(Short descriptive text snippets)
Start of Block

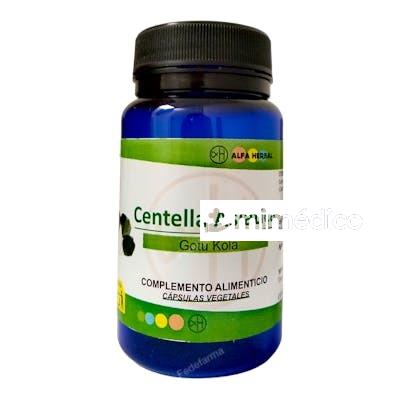 CENTELLA ASIATICA 60 CAPS ALFA HERBAL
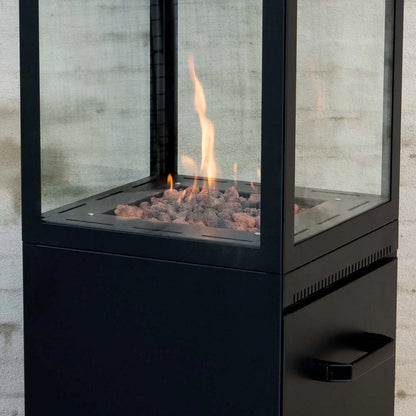 Muztag Murcia Patio Heater – Stylish Outdoor Gas Heater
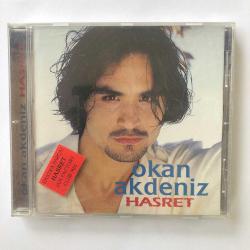 Okan Akdeniz - Hasret CD Album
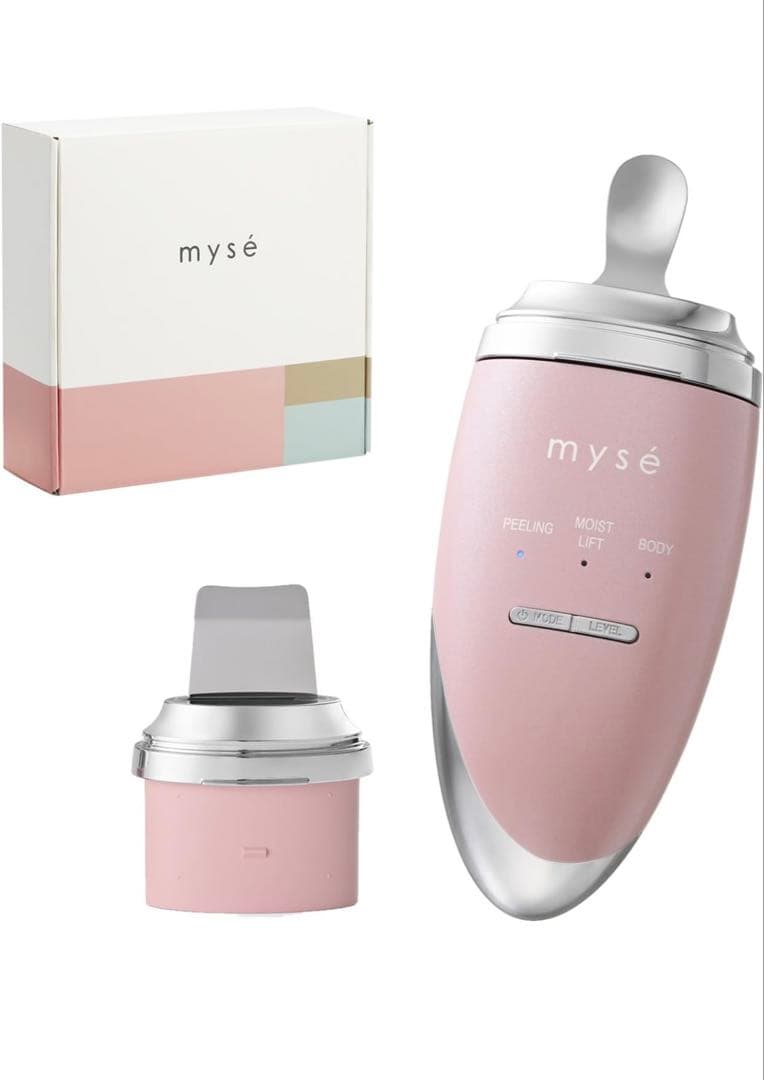 mysé 美顔器 モイスチャー・フェイシャルケア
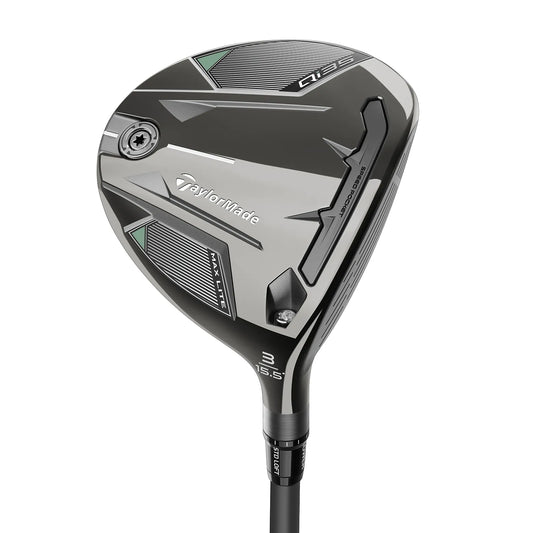 TaylorMade Qi35 Max Lite Golf Fairway - Rental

End of Block

EXERCISE DIRECTIONS — Retype all the entries exactly; drop the pictures.

ANSWER TO THIS EXERCISE —
 CENTELLA ASIATICA 60 CAPS ALFA HERBAL
 Muztag Murcia Patio Heater – Stylish Outdoor Gas Heater
 Okan Akdeniz - Hasret CD Album
 mysé 美顔器 モイスチャー・フェイシャルケア
 TaylorMade Qi35 Max Lite Golf Fairway - Rental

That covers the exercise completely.